Retype, without pictures, the line holding "Oversize Basic Müslin Gömlek YEŞİL LMX0002" and each line below it through the final line.
Working data below:
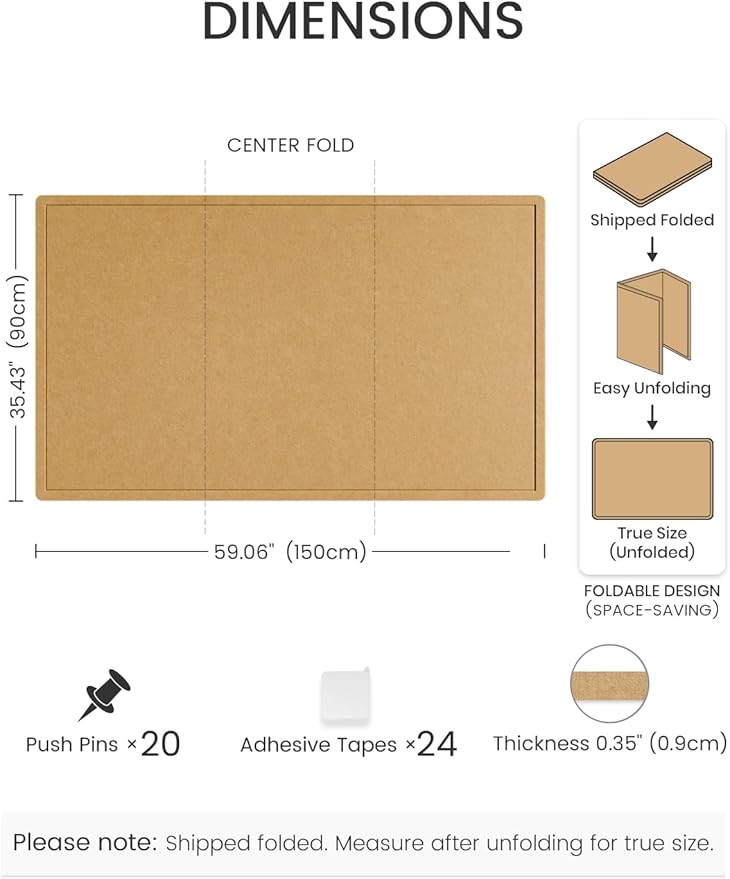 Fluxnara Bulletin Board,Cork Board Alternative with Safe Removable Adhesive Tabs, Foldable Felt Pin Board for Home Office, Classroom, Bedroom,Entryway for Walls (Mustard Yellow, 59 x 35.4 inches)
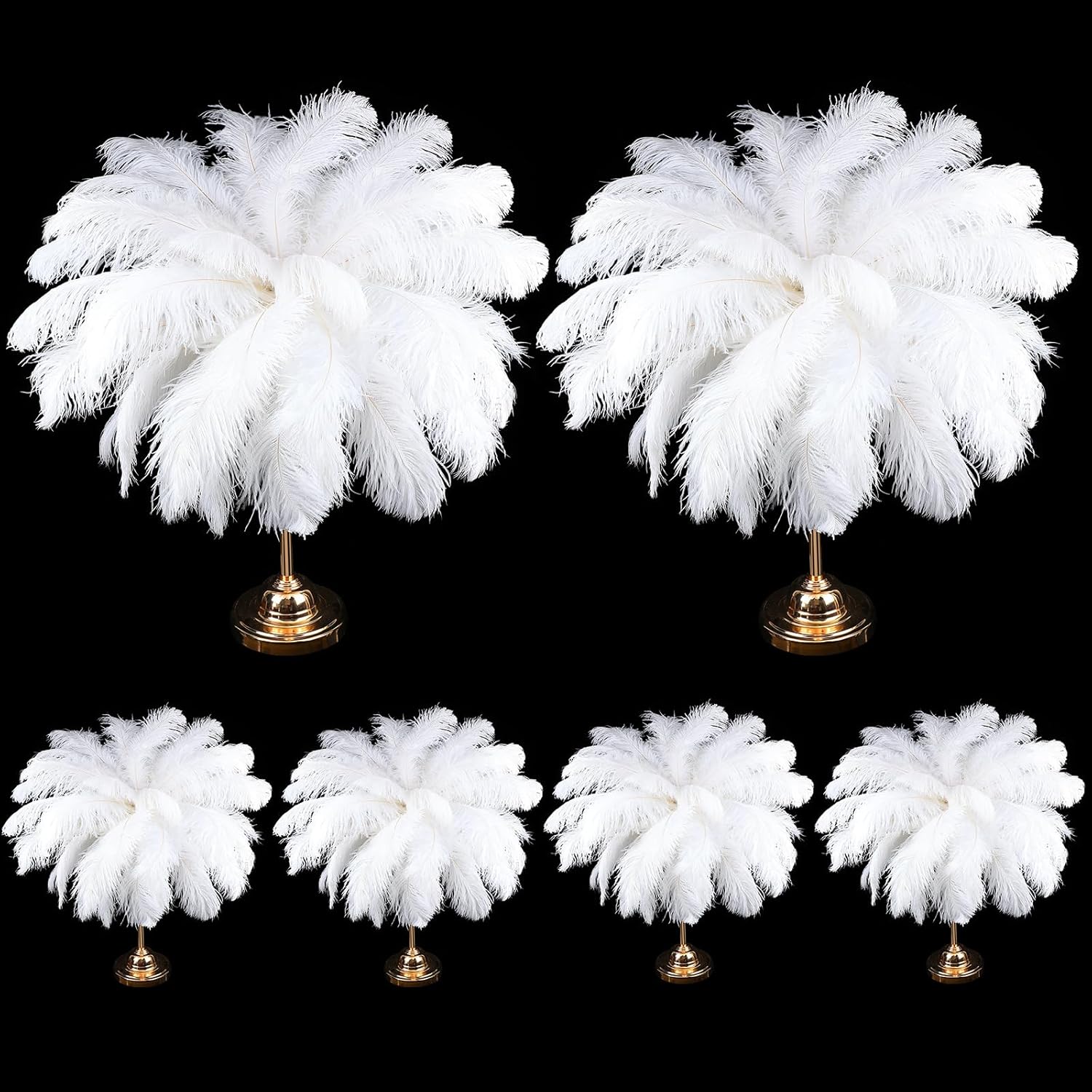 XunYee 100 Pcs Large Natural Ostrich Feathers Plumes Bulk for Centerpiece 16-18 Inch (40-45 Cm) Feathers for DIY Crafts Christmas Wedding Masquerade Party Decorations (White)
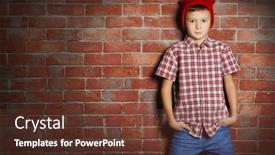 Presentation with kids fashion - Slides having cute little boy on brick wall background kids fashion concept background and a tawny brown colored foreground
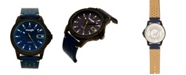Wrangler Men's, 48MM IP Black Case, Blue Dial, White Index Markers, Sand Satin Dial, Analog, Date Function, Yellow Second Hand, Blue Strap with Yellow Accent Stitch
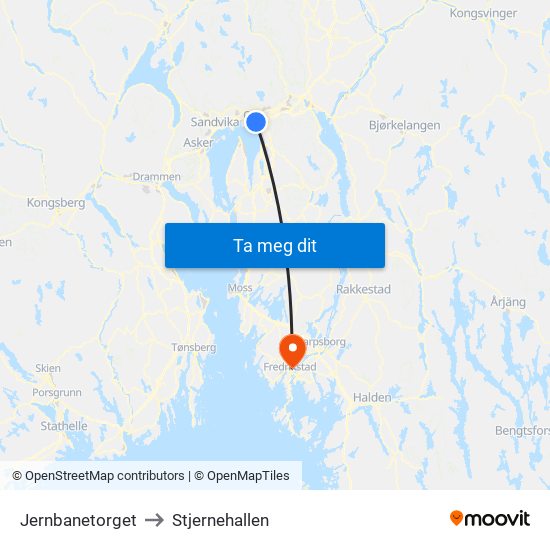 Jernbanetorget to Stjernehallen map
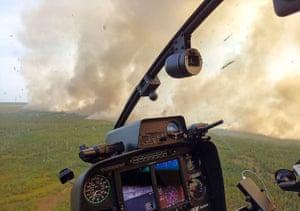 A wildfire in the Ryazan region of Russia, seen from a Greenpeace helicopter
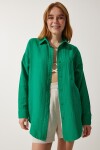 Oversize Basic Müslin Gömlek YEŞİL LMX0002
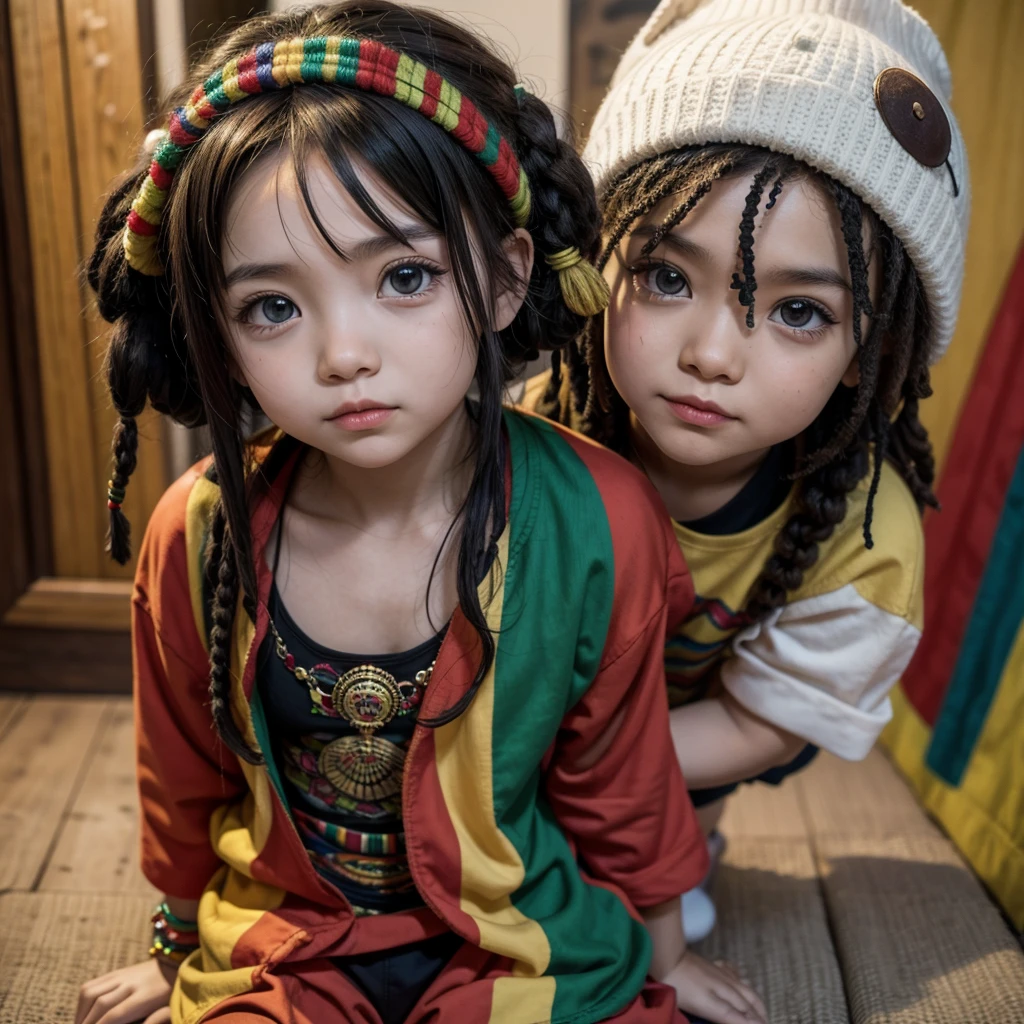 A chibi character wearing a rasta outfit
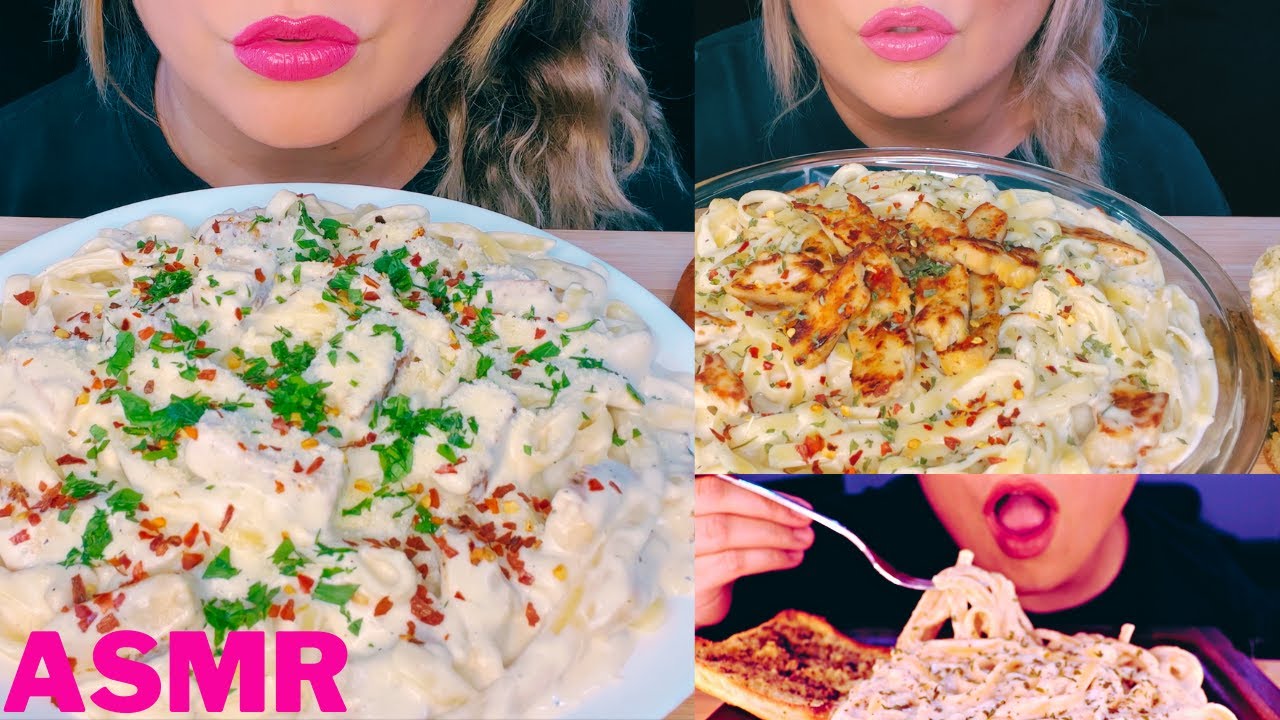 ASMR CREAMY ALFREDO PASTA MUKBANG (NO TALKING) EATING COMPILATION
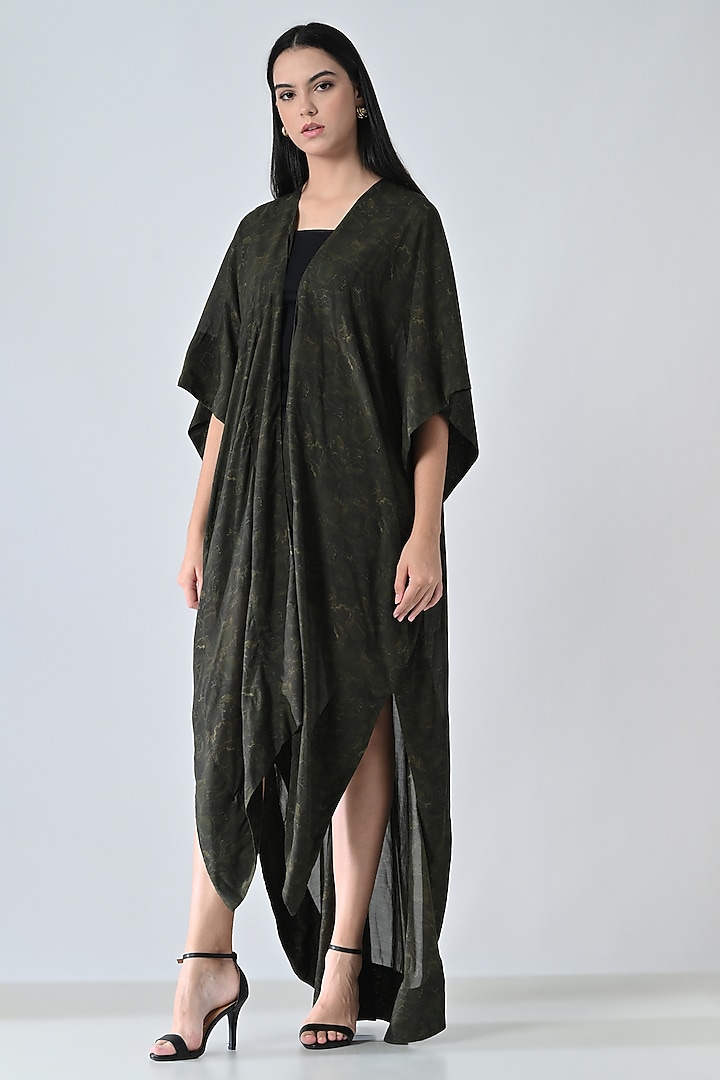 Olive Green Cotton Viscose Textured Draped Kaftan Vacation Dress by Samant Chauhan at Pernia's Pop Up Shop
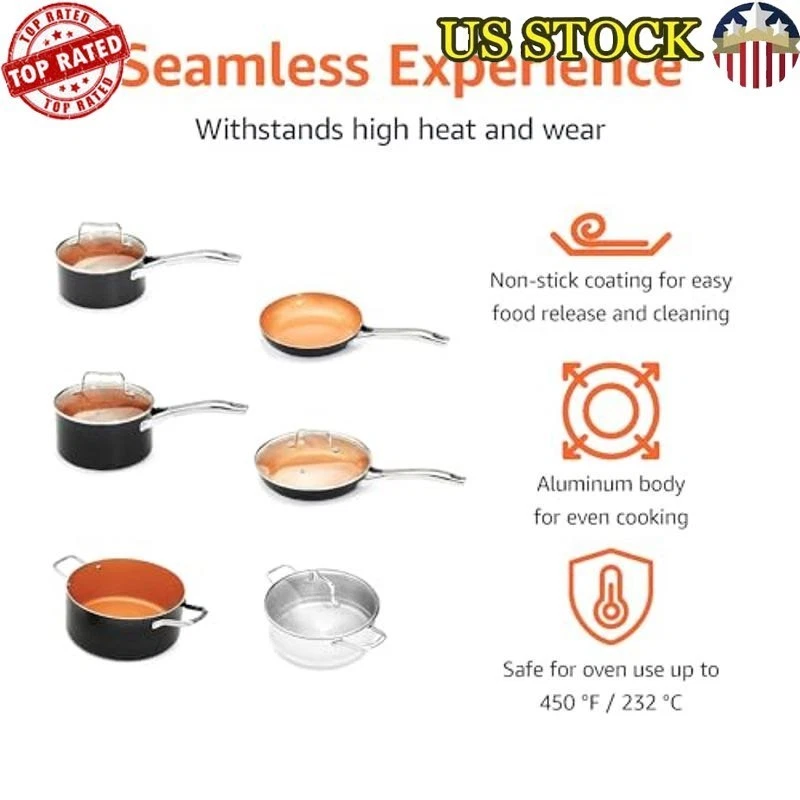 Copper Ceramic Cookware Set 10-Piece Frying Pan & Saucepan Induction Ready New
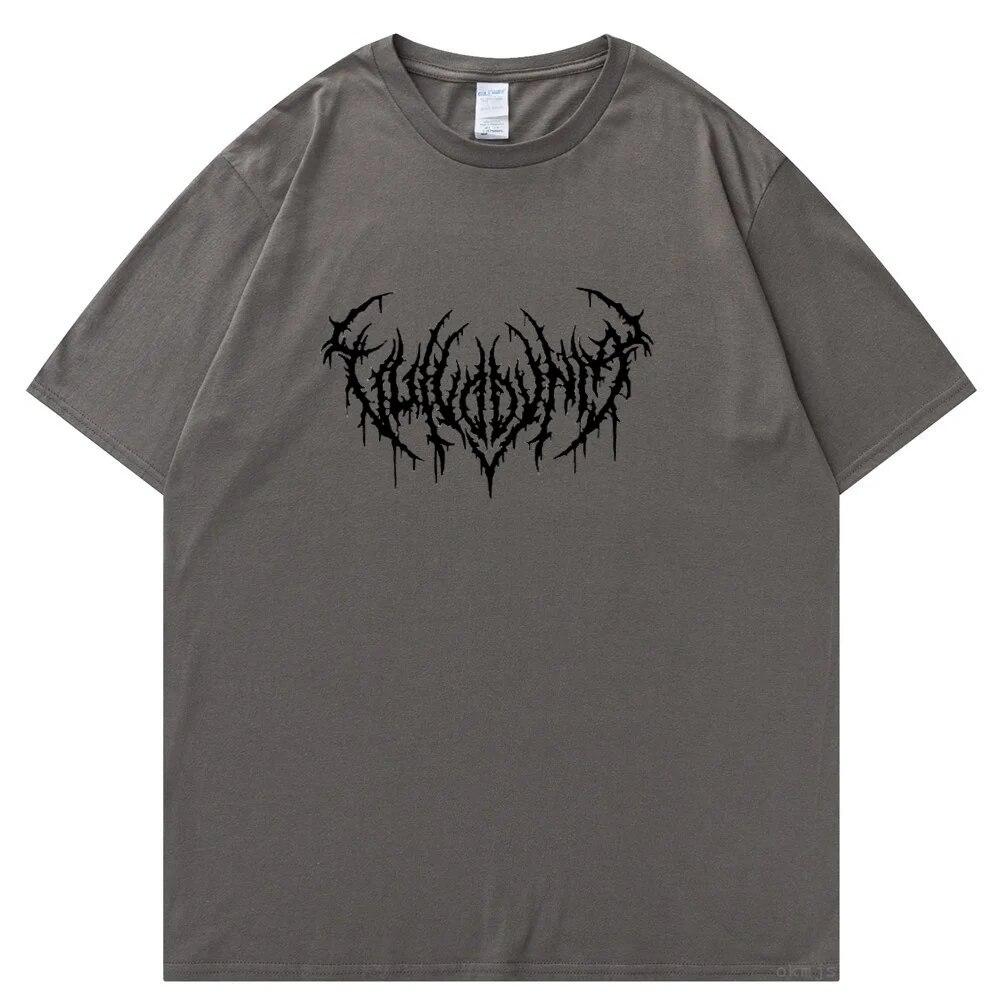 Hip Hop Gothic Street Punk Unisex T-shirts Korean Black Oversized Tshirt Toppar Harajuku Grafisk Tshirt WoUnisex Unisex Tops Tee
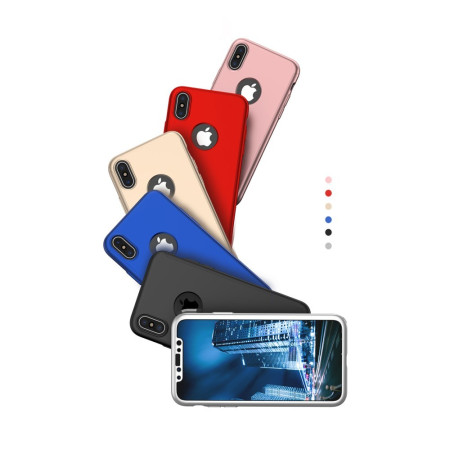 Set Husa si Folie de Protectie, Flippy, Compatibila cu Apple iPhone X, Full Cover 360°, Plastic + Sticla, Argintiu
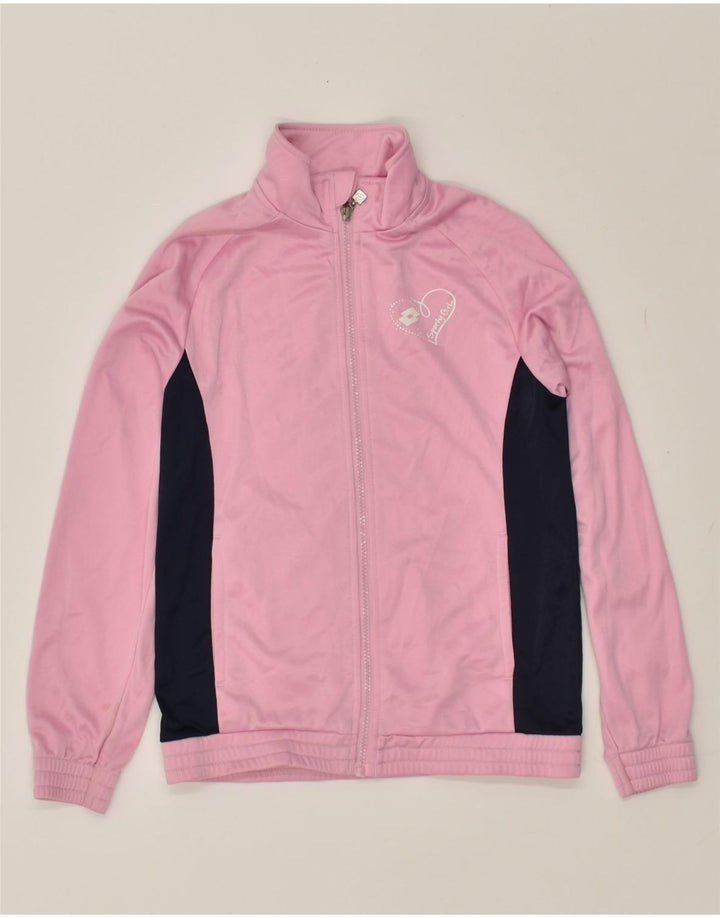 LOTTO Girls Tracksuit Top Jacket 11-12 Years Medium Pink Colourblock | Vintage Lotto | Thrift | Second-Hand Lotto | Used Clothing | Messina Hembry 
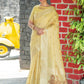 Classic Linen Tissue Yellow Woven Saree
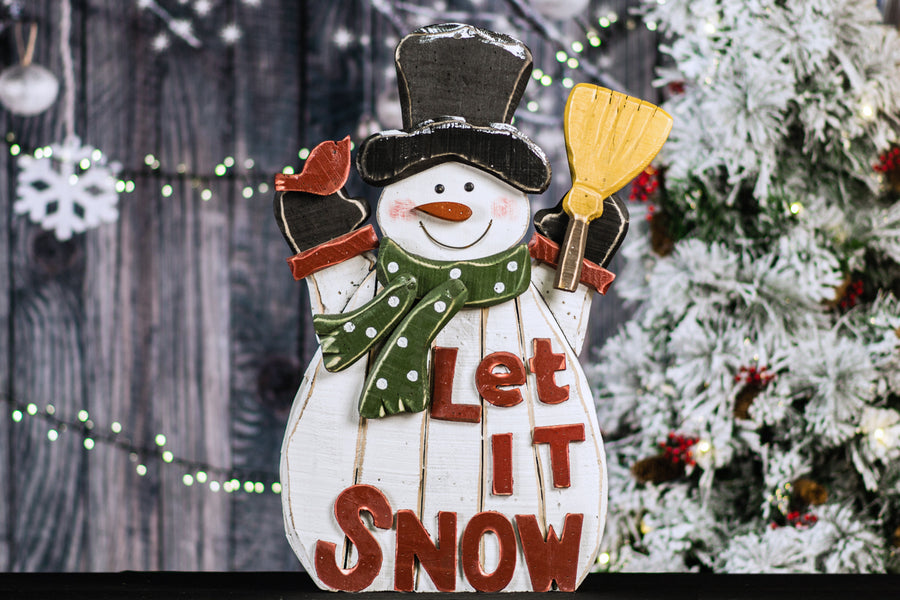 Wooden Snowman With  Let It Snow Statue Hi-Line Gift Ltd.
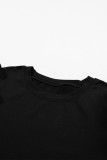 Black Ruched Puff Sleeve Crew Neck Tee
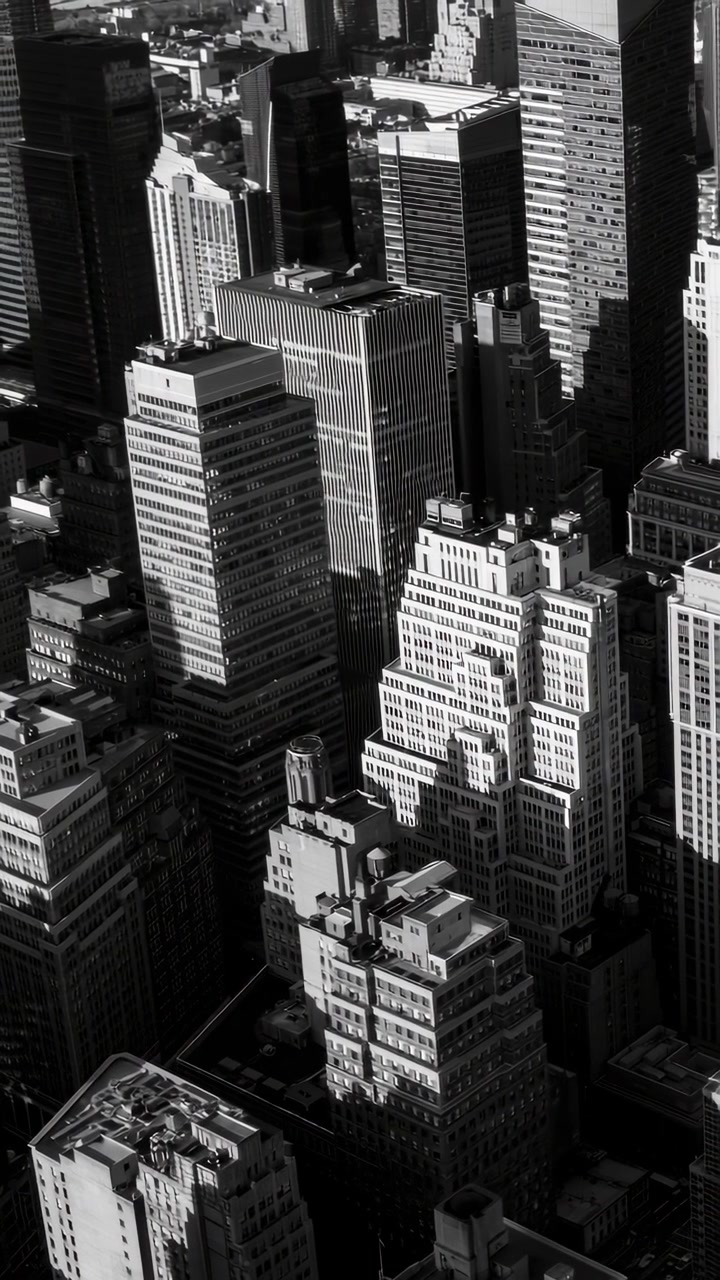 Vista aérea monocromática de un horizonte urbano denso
End of Working data.
--- Exercise response ---
 Oversize Basic Müslin Gömlek YEŞİL LMX0002
 A chibi character wearing a rasta outfit
 ASMR CREAMY ALFREDO PASTA MUKBANG (NO TALKING) EATING COMPILATION
 Olive Green Cotton Viscose Textured Draped Kaftan Vacation Dress by Samant Chauhan at Pernia's Pop Up Shop
 Copper Ceramic Cookware Set 10-Piece Frying Pan & Saucepan Induction Ready New
 Hip Hop Gothic Street Punk Unisex T-shirts Korean Black Oversized Tshirt Toppar Harajuku Grafisk Tshirt WoUnisex Unisex Tops Tee
 Set Husa si Folie de Protectie, Flippy, Compatibila cu Apple iPhone X, Full Cover 360°, Plastic + Sticla, Argintiu
 LOTTO Girls Tracksuit Top Jacket 11-12 Years Medium Pink Colourblock | Vintage Lotto | Thrift | Second-Hand Lotto | Used Clothing | Messina Hembry 
 Classic Linen Tissue Yellow Woven Saree
 Wooden Snowman With  Let It Snow Statue Hi-Line Gift Ltd.
 Black Ruched Puff Sleeve Crew Neck Tee
 Vista aérea monocromática de un horizonte urbano denso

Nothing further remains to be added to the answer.